Create a file “payload” with the following content:
{ "@odata.context": "$metadata#Products/$entity", "code": "test_article1", "name": "product description 1", "supercategories": [ { "code": "testCategory", "catalogVersion": { "catalog": { "id": "Default" }, "version": "Staged" } } ], "catalogVersion": { "catalog": { "id": "Default" }, "version": "Staged" } }
and then run the call using curl:
curl -k --location --request POST 'https://localhost:9002/odata2webservices/InboundProduct/Products' \ --header 'Content-Type: application/json' \ --header 'Accept: application/json' \ --user admin:nimda \ --data @payload
The result should look like
{ "d": { "__metadata": { "id": "https://localhost:9002/odata2webservices/InboundProduct/Products('Staged%7CDefault%7Ctest_article1')", "uri": "https://localhost:9002/odata2webservices/InboundProduct/Products('Staged%7CDefault%7Ctest_article1')", "type": "HybrisCommerceOData.Product" }, "code": "test_article1", "name": "product description 1", "integrationKey": "Staged|Default|test_article1", "unit": { "__deferred": { "uri": "https://localhost:9002/odata2webservices/InboundProduct/Products('Staged%7CDefault%7Ctest_article1')/unit" } }, "supercategories": { "__deferred": { "uri": "https://localhost:9002/odata2webservices/InboundProduct/Products('Staged%7CDefault%7Ctest_article1')/supercategories" } }, "catalogVersion": { "__deferred": { "uri": "https://localhost:9002/odata2webservices/InboundProduct/Products('Staged%7CDefault%7Ctest_article1')/catalogVersion" } }, "localizedAttributes": { "__deferred": { "uri": "https://localhost:9002/odata2webservices/InboundProduct/Products('Staged%7CDefault%7Ctest_article1')/localizedAttributes" } } } }
For this test, we will need two payloads:
- one that creates or updates a product test_article1 and assign it to testCategory.

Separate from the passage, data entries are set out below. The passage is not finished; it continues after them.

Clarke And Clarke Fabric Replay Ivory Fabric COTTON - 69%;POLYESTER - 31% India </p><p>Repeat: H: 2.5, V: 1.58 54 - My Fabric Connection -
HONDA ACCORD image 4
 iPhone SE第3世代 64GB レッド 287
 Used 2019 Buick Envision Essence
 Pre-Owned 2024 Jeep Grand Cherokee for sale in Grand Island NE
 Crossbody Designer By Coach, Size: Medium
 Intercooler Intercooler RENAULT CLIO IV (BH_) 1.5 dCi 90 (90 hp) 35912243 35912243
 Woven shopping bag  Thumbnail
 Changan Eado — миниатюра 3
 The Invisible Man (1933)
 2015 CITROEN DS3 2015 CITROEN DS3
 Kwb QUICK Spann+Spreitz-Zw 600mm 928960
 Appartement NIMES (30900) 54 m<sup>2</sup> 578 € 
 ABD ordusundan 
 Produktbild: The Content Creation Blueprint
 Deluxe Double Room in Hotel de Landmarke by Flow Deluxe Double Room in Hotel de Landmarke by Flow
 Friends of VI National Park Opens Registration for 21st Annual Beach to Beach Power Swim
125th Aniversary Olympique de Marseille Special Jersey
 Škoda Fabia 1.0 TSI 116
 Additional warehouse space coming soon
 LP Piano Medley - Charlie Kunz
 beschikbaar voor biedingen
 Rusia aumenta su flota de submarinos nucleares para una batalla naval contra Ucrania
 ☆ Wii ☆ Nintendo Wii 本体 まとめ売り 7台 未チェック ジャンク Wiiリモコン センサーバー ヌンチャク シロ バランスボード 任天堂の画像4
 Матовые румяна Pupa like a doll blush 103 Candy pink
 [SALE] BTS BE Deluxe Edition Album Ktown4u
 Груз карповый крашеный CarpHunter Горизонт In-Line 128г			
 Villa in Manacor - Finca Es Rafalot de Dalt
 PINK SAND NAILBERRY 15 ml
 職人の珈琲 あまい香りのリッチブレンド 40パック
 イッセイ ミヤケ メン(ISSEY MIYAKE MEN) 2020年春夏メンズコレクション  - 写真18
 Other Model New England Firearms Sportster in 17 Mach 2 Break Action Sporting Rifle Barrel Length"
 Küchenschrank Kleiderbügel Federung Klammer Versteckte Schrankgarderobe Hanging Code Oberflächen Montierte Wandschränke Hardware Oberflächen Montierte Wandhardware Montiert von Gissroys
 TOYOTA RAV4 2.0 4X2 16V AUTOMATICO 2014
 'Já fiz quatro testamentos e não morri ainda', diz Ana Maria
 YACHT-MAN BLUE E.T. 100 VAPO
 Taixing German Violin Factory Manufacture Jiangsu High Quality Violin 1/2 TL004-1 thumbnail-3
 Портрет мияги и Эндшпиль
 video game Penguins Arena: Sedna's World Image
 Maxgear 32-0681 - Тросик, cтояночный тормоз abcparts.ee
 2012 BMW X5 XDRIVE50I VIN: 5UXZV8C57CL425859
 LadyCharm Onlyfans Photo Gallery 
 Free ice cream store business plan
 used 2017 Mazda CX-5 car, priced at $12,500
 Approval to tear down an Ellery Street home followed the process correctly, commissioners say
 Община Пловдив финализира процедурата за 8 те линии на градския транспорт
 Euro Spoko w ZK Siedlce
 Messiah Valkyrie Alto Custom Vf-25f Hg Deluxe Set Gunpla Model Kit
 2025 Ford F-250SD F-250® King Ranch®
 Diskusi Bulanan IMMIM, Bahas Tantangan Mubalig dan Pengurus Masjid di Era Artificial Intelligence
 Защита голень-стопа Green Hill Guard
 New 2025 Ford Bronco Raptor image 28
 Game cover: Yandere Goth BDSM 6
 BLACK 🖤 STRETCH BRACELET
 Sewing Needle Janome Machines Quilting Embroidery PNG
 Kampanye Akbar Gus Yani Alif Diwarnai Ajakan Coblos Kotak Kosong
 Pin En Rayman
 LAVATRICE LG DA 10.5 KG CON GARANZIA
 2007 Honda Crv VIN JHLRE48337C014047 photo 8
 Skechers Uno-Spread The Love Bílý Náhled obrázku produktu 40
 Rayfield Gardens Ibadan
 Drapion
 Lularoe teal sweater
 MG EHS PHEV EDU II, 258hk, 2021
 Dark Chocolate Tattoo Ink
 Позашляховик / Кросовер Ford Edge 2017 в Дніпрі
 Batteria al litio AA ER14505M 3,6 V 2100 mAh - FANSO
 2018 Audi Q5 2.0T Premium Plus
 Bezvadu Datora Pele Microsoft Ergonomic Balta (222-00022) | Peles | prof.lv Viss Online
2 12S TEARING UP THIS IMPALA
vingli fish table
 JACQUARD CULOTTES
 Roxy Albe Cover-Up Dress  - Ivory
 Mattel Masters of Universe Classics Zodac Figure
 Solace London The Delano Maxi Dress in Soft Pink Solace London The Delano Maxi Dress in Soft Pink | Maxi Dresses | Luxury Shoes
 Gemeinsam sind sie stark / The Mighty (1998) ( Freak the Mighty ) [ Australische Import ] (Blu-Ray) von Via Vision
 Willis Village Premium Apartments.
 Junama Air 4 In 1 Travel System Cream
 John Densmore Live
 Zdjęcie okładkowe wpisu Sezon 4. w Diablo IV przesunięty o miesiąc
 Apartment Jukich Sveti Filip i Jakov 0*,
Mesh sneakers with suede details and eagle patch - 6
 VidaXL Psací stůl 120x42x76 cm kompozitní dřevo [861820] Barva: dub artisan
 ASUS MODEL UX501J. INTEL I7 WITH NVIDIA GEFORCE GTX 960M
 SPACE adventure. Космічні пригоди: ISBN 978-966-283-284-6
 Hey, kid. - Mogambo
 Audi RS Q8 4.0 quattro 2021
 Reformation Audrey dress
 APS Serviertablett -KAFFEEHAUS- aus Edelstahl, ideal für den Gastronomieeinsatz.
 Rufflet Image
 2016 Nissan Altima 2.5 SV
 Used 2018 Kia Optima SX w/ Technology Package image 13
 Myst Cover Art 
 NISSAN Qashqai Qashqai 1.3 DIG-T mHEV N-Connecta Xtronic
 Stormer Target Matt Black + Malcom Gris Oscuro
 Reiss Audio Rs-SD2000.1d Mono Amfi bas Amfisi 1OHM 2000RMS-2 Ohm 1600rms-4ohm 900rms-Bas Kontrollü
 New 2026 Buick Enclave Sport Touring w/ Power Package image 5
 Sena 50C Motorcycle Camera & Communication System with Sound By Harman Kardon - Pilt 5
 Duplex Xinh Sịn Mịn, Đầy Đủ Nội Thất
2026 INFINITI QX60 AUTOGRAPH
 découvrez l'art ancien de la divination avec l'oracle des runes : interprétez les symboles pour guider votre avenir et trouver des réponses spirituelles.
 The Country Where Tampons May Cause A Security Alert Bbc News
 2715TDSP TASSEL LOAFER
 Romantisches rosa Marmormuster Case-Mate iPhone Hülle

- another one that creates or updates a product test_article1 and assign it to testCategory2
Payload 1 | Payload 2 |
{ “@odata.context”: “$metadata#Products/$entity”, “code”: “test_article1”, “name”: “product description 1”, “supercategories”: [ { “code”: “testCategory“, “catalogVersion”: { “catalog”: { “id”: “Default” }, “version”: “Staged” } } ], “catalogVersion”: { “catalog”: { “id”: “Default” }, “version”: “Staged” } } | { “@odata.context”: “$metadata#Products/$entity”, “code”: “test_article1”, “name”: “product description 1”, “supercategories”: [ { “code”: “testCategory2“, “catalogVersion”: { “catalog”: { “id”: “Default” }, “version”: “Staged” } } ], “catalogVersion”: { “catalog”: { “id”: “Default” }, “version”: “Staged” } } |
Now we can use our performance testing tool to run a single call, just to test that everything works fine. The code demonstrates how to send a GET request. In our case, we need to send POSTs with different payloads. getJSONPayload returns payload1 or payload2 randomly. endpoint is the same for both payloads (see curl above).
... async with session.post(endpoint, headers=HEADERS, json=json.loads(getJSONPayload(endpoint)), ssl=True ) as resp: ...
If the products are created sequentially, one after another, the second update overrides the first one, and we finds the product test_article1 assigned to testCategory2.
However, if we remove all assigned categories and then run the script with 25 requests (being sent at nearly the same time), we find the product updated in a strange way:
the same testCategory was added many times, no errors in the log. This is because the items were being added in the parallel threads.